Il complesso monasteriale, ora sconsacrato e in parte adibito a funzioni scolastiche ed in parte a sede del laboratorio di restauro noto come Arazzeria Scassa, fu un tempo la sede dei monaci vallombrosani ed in seguito dei monaci certosini fino alla venuta di Napoleone, che confiscò l'edificio e nel 1801 ne soppresse le funzioni religiose.
I monaci vallombrosani
[modifica | modifica wikitesto]Vennero fondati da san Giovanni Gualberto, un eremita che visse tra l'eremo di Camaldoli e di Vallombrosa a pochi chilometri da Firenze. In questo luogo, intorno al 1039, fondò il monastero del suo Ordine detto dei vallombrosani.
L'ordine, che seguiva la regola benedettina, vestiva in origine un abito bigio (scuro) che intorno al XVI secolo si mutò in bianco ed infine in nero.[1]
Nel corso di un secolo l'ordine si sviluppò in tutta Italia creando più di 50 monasteri tra cui quello astigiano.
I certosini
[modifica | modifica wikitesto]Di preciso non è noto quando il monastero passò all'Ordine dei certosini fondato da san Bruno di Colonia. Il primo atto che parla di questo passaggio, appartiene ad un lascito di Bartolomeo Garetti del 1391 con cui si dichiara devoluta una parte dell'eredità al «...convento e chiesa di San Filippo e Giacomo presso Asti, dell'Ordine dei certosini, già detto di San Giacomo di Valleombrosa».
Sotto la loro conduzione, il monastero si ampliò: oltre ai molteplici edifici, comprendeva anche una peschiera e un terreno coltivato parte a vigna e parte ad orto di circa 60 giornate a levante, prospiciente il rio Valmanera e cintato da un muro di mattoni, come ne dà esempio la carta secentesca del Theatrum Statuum Sabaudiae.
Gli edifici in totale coprivano un'area di quasi 6000 metri quadri, l'ingresso era a sud con tre ingressi: al centro si entrava nella foresteria, a sinistra si accedeva ad un porticato e a destra vi era il rustico.
Oltre queste tre costruzioni, a nord si trovava un grande chiostro quadrangolare su cui si affacciavano le casette dei frati che ne occupavano tre lati su quattro. Una parte dell'area del chiostro, secondo l'uso certosino, era destinata a camposanto per i monaci.
A nord, tra il porticato e le costruzioni precedenti, si innalzava la chiesa con la facciata rivolta a ponente, a sua volta preceduta da un secondo chiostro di minori dimensioni.

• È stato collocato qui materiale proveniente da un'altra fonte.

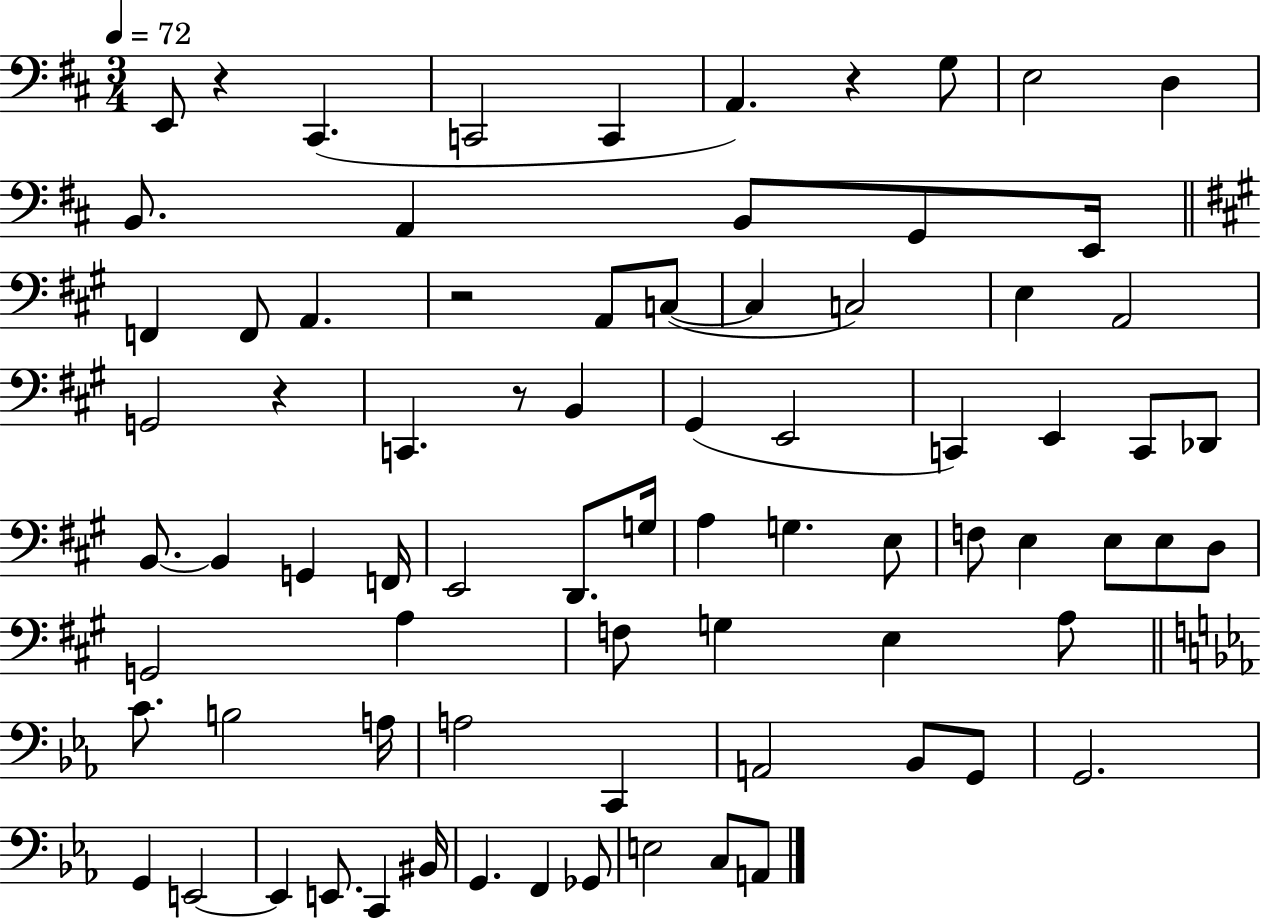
E2/e R/q C#2/q. C2/h C2/q A2/q. R/q G3/e E3/h D3/q B2/e. A2/q B2/e G2/e E2/s F2/q F2/e A2/q. R/h A2/e C3/e C3/q C3/h E3/q A2/h G2/h R/q C2/q. R/e B2/q G#2/q E2/h C2/q E2/q C2/e Db2/e B2/e. B2/q G2/q F2/s E2/h D2/e. G3/s A3/q G3/q. E3/e F3/e E3/q E3/e E3/e D3/e G2/h A3/q F3/e G3/q E3/q A3/e C4/e. B3/h A3/s A3/h C2/q A2/h Bb2/e G2/e G2/h. G2/q E2/h E2/q E2/e. C2/q BIS2/s G2/q. F2/q Gb2/e E3/h C3/e A2/e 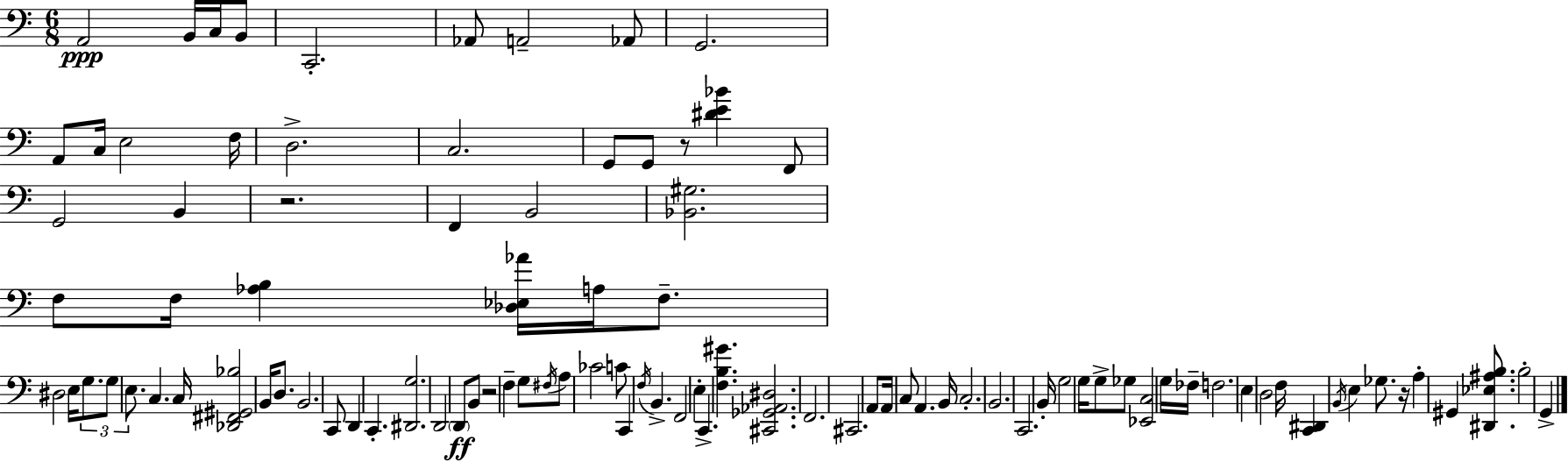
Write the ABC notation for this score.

X:1
T:Untitled
M:6/8
L:1/4
K:C
A,,2 B,,/4 C,/4 B,,/2 C,,2 _A,,/2 A,,2 _A,,/2 G,,2 A,,/2 C,/4 E,2 F,/4 D,2 C,2 G,,/2 G,,/2 z/2 [^DE_B] F,,/2 G,,2 B,, z2 F,, B,,2 [_B,,^G,]2 F,/2 F,/4 [_A,B,] [_D,_E,_A]/4 A,/4 F,/2 ^D,2 E,/4 G,/2 G,/2 E,/2 C, C,/4 [_D,,^F,,^G,,_B,]2 B,,/4 D,/2 B,,2 C,,/2 D,, C,, [^D,,G,]2 D,,2 D,,/2 B,,/2 z2 F, G,/2 ^F,/4 A,/2 _C2 C/2 C,, F,/4 B,, F,,2 E, C,, [F,B,^G] [^C,,_G,,_A,,^D,]2 F,,2 ^C,,2 A,,/2 A,,/4 C,/2 A,, B,,/4 C,2 B,,2 C,,2 B,,/4 G,2 G,/4 G,/2 _G,/2 [_E,,C,]2 G,/4 _F,/4 F,2 E, D,2 F,/4 [C,,^D,,] B,,/4 E, _G,/2 z/4 A, ^G,, [^D,,_E,^A,B,]/2 B,2 G,,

La chiesa era dedicata ai santi apostoli Filippo e Giacomo: di dimensioni imponenti, conservava la struttura gotica del tardo Trecento, parzialmente modificata ed ammodernata alla fine del XV secolo e, per quanto riguarda la facciata, alla metà del XVIII. L'interno, a tre navate coperte da volte ogivali, era suddiviso in due parti: una più ridotta per i fedeli, l'altra per i monaci. Oltre all'altar maggiore, che dal 1498 fu decorato dalla monumentale Pala con la Madonna in gloria dipinta da Macrino d'Alba, vi erano cinque altari laterali dedicati rispettivamente a san Brunone, alla Madonna del Rosario, a san Filippo, a san Giacomo ed al loro istitutore san Gerolamo.

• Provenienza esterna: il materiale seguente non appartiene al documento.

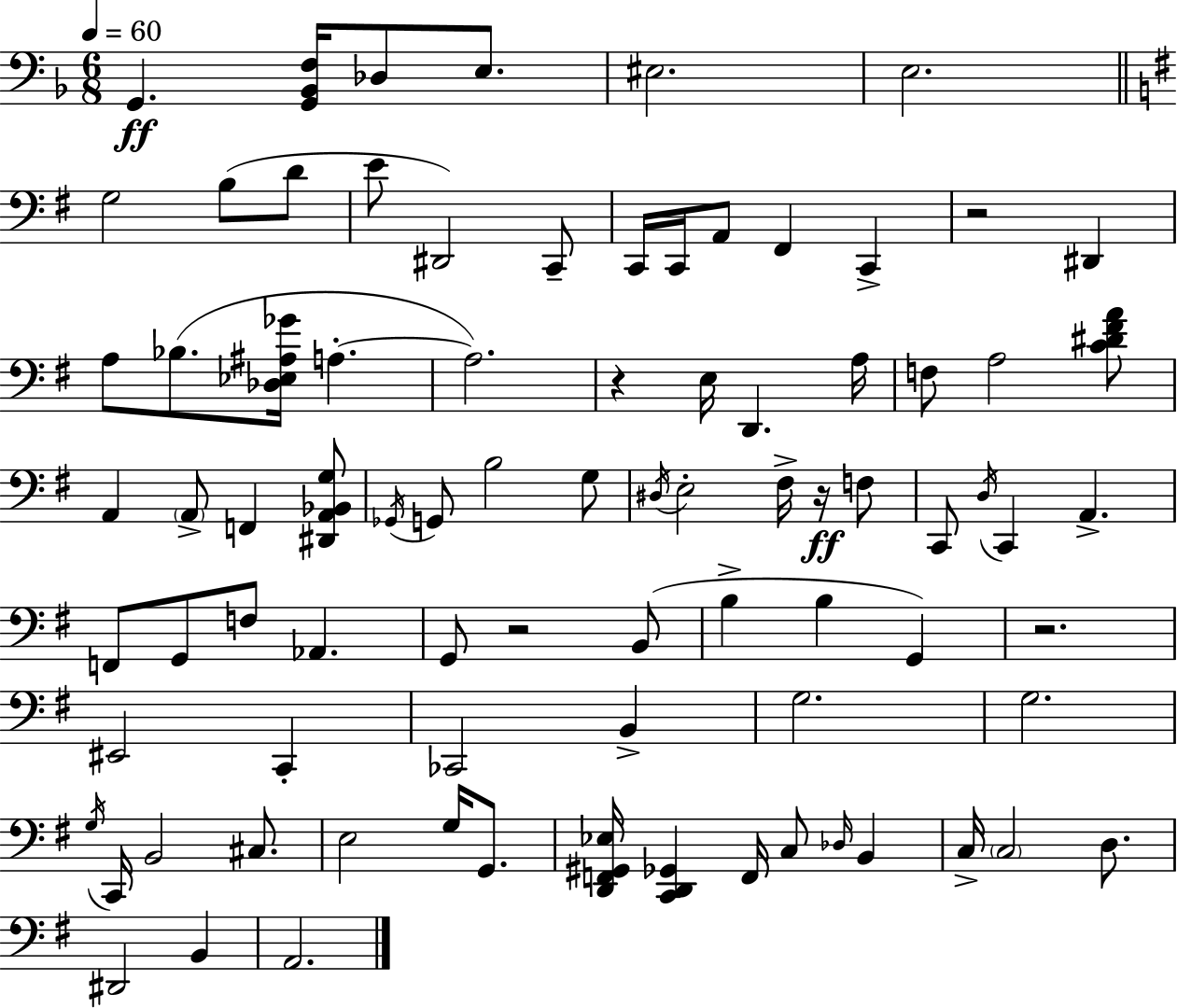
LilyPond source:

Il bellissimo, grande coro dei monaci, preziosamente intarsiato, venne costruito entro il 1496 dall'intagliatore cremonese Paolo Sacca insieme con il padre Tommaso e il fratello Imerio, su commissione del priore Bartolomeo De Murris. La struttura era composta da ben quaranta stalli, decorati da altrettanti intarsi di aggiornatissimo gusto rinascimentale (quadraginta tabulas varia et subtili arte elaborata). Lo stesso priore De Murris avviò una vasta campagna di aggiornamento stilistico degli arredi e delle decorazioni, alla quale si dovettero anche gli affreschi del chiostro grande e dell'appartamento priorale, ancora descritti ed elogiati al momento della soppressione.
Il declino del monastero
[modifica | modifica wikitesto]La Certosa, prima durante le guerre gallo-ispaniche ed in seguito quelle napoleoniche, venne più volte occupata dalle truppe.
Nel 1615 il governatore Ynoiosa, comandante generale delle truppe spagnole, prese alloggio nel convento della Certosa.
Nel 1745 il barone Leutrum, comandante delle truppe savoiarde, con sette battaglioni sferrò un'offensiva contro le truppe francesi alloggiate alla Certosa. A questo proposito, il vescovo Giuseppe Felissano scriveva che
«... è stata molestata la Certosa, perché situata fuori di città, ed il luogo ha dato anche gelosia ai Francesi, onde dai medemi vi è stato collocato più di un battaglione di soldati i quali hanno fatto provare a quel sacro monistero il peso della guerra nel soggiorno militare...»
Il 20 marzo 1801, il governo napoleonico sopprimeva ogni funzione religiosa del monastero, distogliendone la comunità che in parte si aggregò ala Certosa di Casotto ed in parte si ritirò a vita privata.
Il 3 agosto 1801, l'Incisa testimoniò il completo sacco di tutti gli arredi della Certosa, compresi gli infissi. Molte statue ed altari vennero trasferiti in altre chiese della città: per esempio l'altare della Madonnina venne trasferito in cattedrale e le statue rappresentanti Filippo e Giacomo sono presenti sulla facciata della chiesa di San Martino. La grande pala d'altare con la Madonna in gloria ed i santi Giovanni Battista, Giacomo, Gerolamo e Ugone è oggi alla Galleria Sabauda di Torino. Una seconda pala d'altare del XVII secolo, con santi certosini ed una bella veduta della Certosa nella sua interezza, è custodita a Grana Monferrato, non lontano da Asti. Tuttavia, un enorme patrimonio di arte e di cultura sparì in mille rivoli senza lasciare traccia.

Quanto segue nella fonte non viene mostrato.